Three MSF start-up projects that could save lives in the future...

What do you do when you have a big idea at work, but aren’t sure how to make it happen, or even if it will really work? Ideas from our staff have the potential to revolutionize the way MSF / Doctors Without Borders works, in big and small ways.

The Sapling Nursery - a special fund that supports our staff to develop and test new ideas we hope will improve the care we provide to our patients. These four projects are now rolling and we will bring you updates soon. In the meantime, the Sapling Nursery opened its doors to new proposals once more last month.

Three ideas were chosen for their potential impact, feasibility, and innovation

The second bit of good news was that many of these came straight from our teams working on the ground, in our medical projects around the world. As in many large organizations, MSF sometimes struggles to provide opportunities to its staff on the ground to innovate for the future. Previous proposals have mainly come from our headquarters staff and specialists. They’re still great ideas, but it can mean that they aren’t always representative of the current needs of those working in the field, face to face with our patients.
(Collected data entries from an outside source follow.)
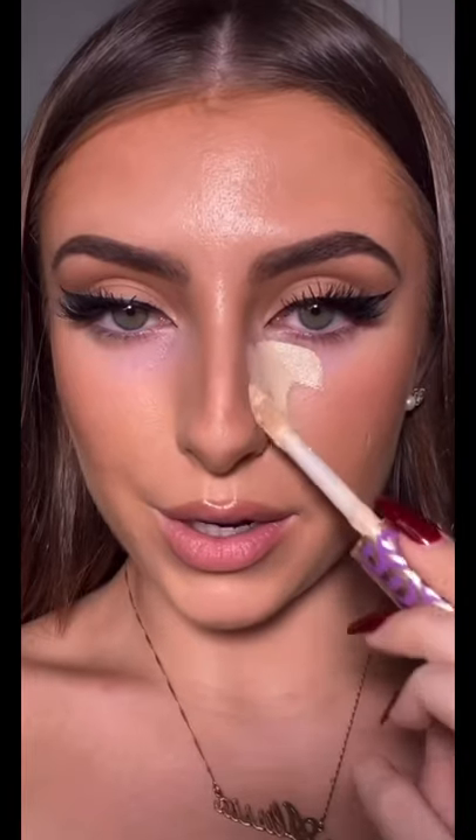Apply the concealer under your eyes, on the sides of your nose, and right here. Blend. Now using your pink setting powder, set your under eyes. Only use this on the under eyes, not the rest of the face. The pink setting powder really brightens up your under eye, giving that bright flawless look, just like in the photos that I showed you.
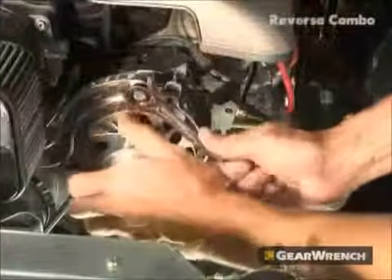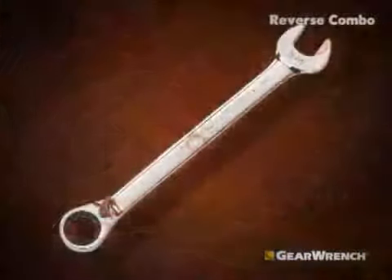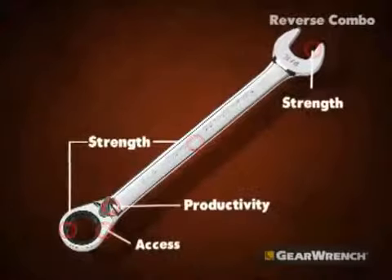You can actually feel the ratcheting motion — just a really nice, firm feel of the ratchet.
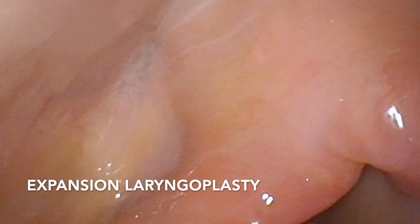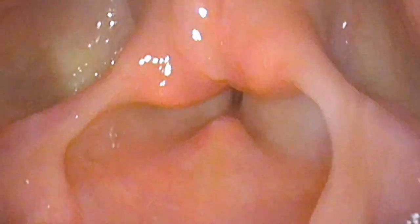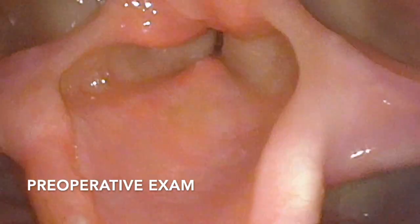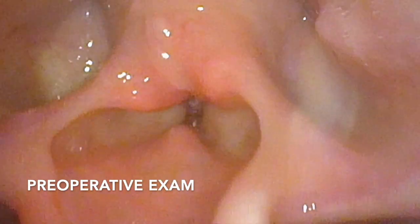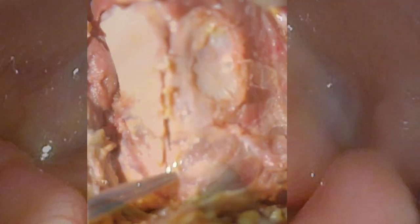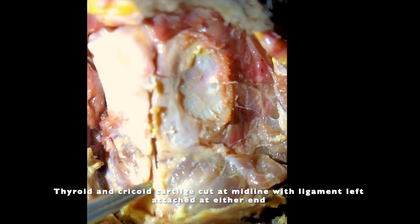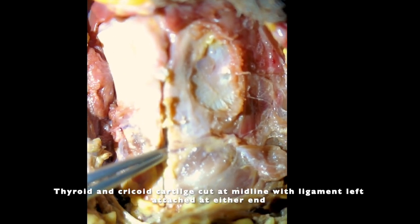We will now show the open expansion laryngoplasty in a dissection on a cadaver. This is a preoperative view of the patient with posterior stenosis. The costal cartilage graft has already been performed, and the laryngoplasty starts with an anterior-posterior cricoid split along with laryngo-fissure.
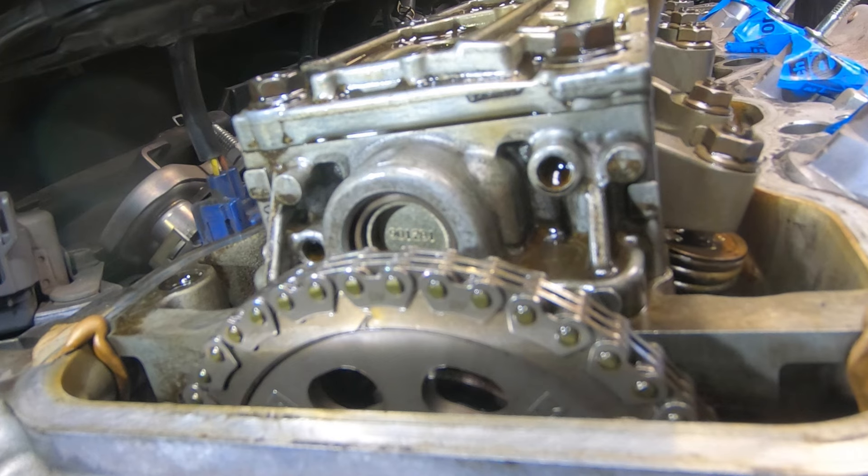Now adjust the intake valves — I won't be showing you this, you're on your own. The clearance is 7 to 9 thousandths for the intake. Once they're adjusted, continue to the next set of valves.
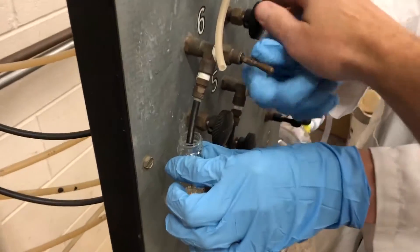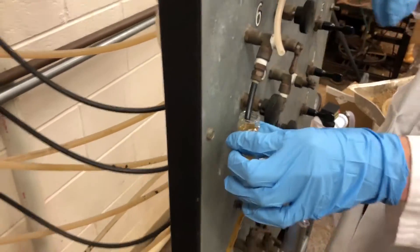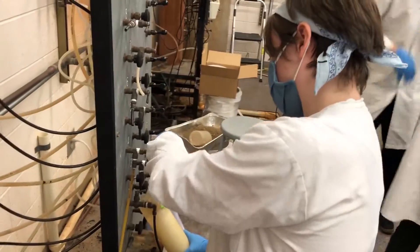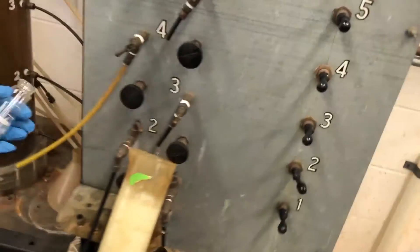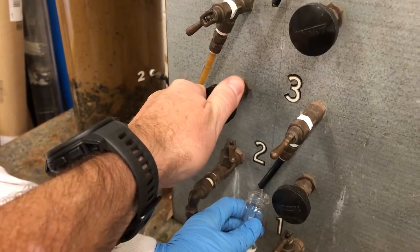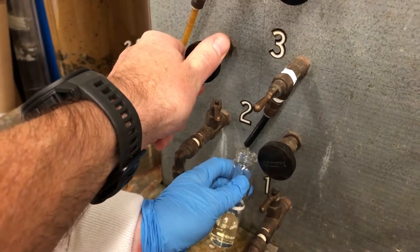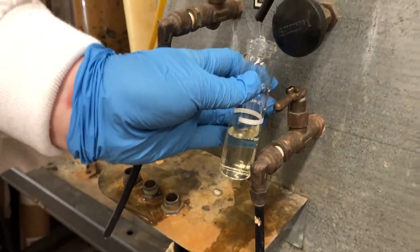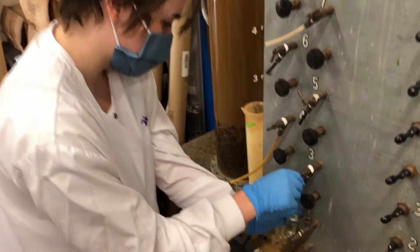Can we increase the flow rate at all? We're deliberately keeping it at a trickle. Taking sample number three — also trickling. Let's pump it up a little bit if we can. Increasing our sampling rate. Number three — we can see it's got some color to it. It's filtering near the bottom, so we don't have too much coming out quite yet.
Lastly, the quality of proposals was very high, and represented everything from from small inventions to potentially transformative projects. In the end, three ideas were chosen for funding, based on their potential impact, feasibility, innovativeness and the expert opinion of the funding committee. Here’s a brief description of the successful proposals, which will now be developed and tested...
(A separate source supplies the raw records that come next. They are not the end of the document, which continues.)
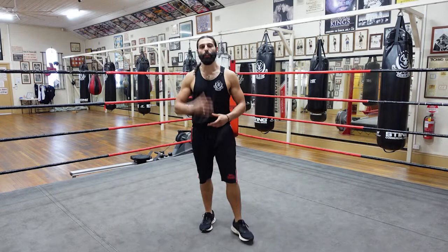Hey guys, Chris here from Boxing Brothers Online Coaching and today I'm going to show you five ways to hold centre ring.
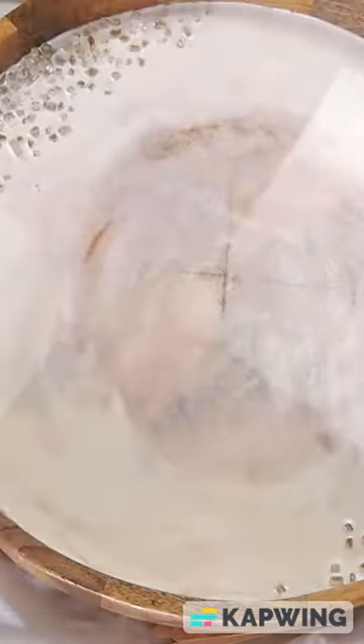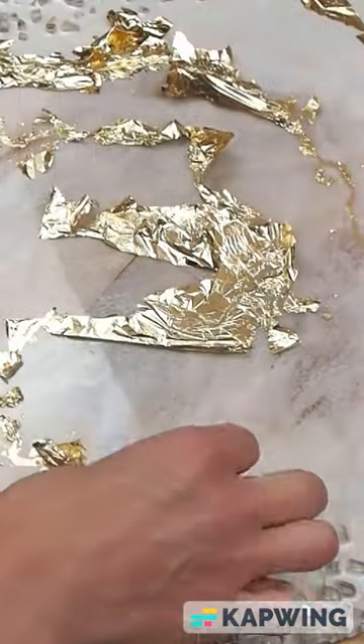Add some crushed glass wherever you like. Torch it, put a box over it, and wait for it to cure.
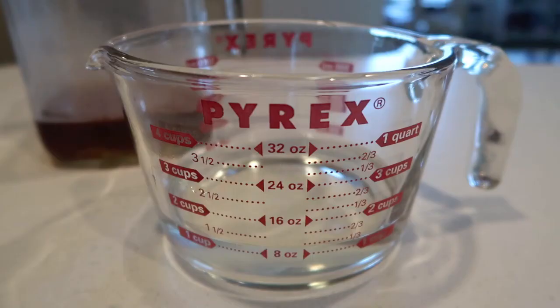To the pitcher I'm now going to add one cup of cold water and one cup of lemonade. This recipe does not call for any added sugar — it just uses the sweetener from the lemonade that's already there. I'm going to make it this way the first time and see how it goes.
  1. Lean Chemical Weapons Kit (LCWK)

Working in areas where there’s a threat from chemical weapons is stressful. Personal decontamination kits can offer some protection in the event of exposure to chemical weapons, but they are bulky and hard to store in the cramped conditions that our staff often find themselves working in, even though they should be within reach at all times. This contradiction can mean that precious time is wasted worrying about the kit rather than focusing on healthcare delivery for patients. Aiming to develop a discrete, efficient and ergonomic decontamination kit, designed to be ever-present, but barely noticeable, and with a foolproof procedure (in fact, it will be tested by blindfolded participants), meaning that staff working in these tough circumstances can be confident in their equipment and dedicate their attention to the patients in front of them.
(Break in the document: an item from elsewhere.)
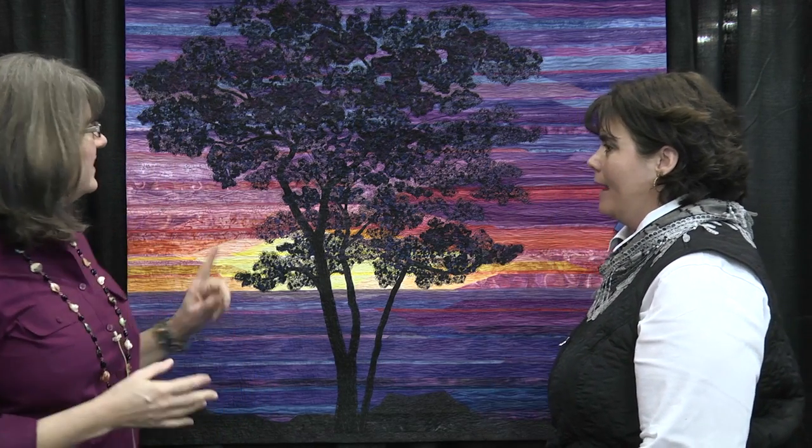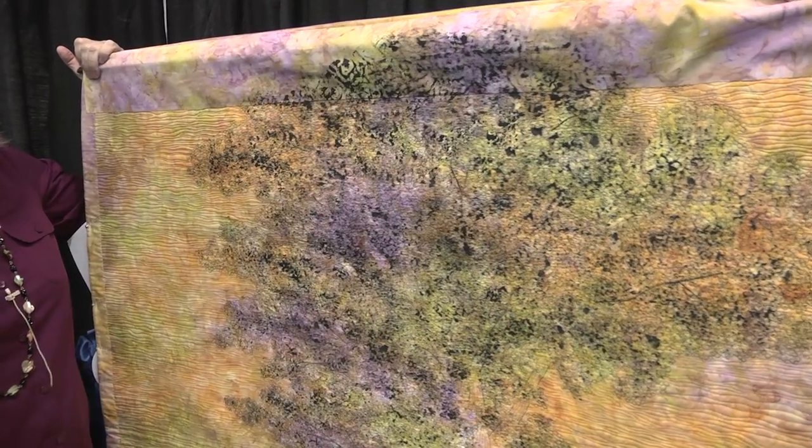So what did you do to the back? Because you showed me something pretty cool on the back. I sponge painted the back. I wanted a dramatic sunset, and so on the back I sponge painted the tree. How cool is that! And I used a very bright color to set the tree off on the back too.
2) Task-based modeling for safe nurse staffing levels

From providing intensive care to our sickest patients to leading the fight for infection control, nurses play a central role in MSF’s provision of healthcare to patients and are integral in all MSF teams. Ensuring that nurse staff levels are sufficient to ensure patient safety and maximise the level of care we provide is an important challenge for MSF.  This means ensuring the team on shift at any time has a suitable mix of education, skills and experience.


3) Malnutrition screening toolbox for children under 6-months old

Many of the infants below 6 months of age who are seen at MSF hospitals and clinics are there for treatment for infectious diseases. But in many of places where MSF works there is a high chance that these babies also have underlying malnutrition. Early treatment of this malnutrition increases the odds that the baby will survive, decreases the likelihood that they’ll catch disease and also helps them grow.

However, screening babies this young for malnutrition is not easy, partly due to the tools available to our medical staff. The most common approach at the moment is to use measuring boards to check the baby’s growth. These are cumbersome and heavy, and the paper forms used to measure levels of malnutrition are complicated and prone to human error. In MSF projects, malnutrition screening at this young age is not standard in many of our medical projects.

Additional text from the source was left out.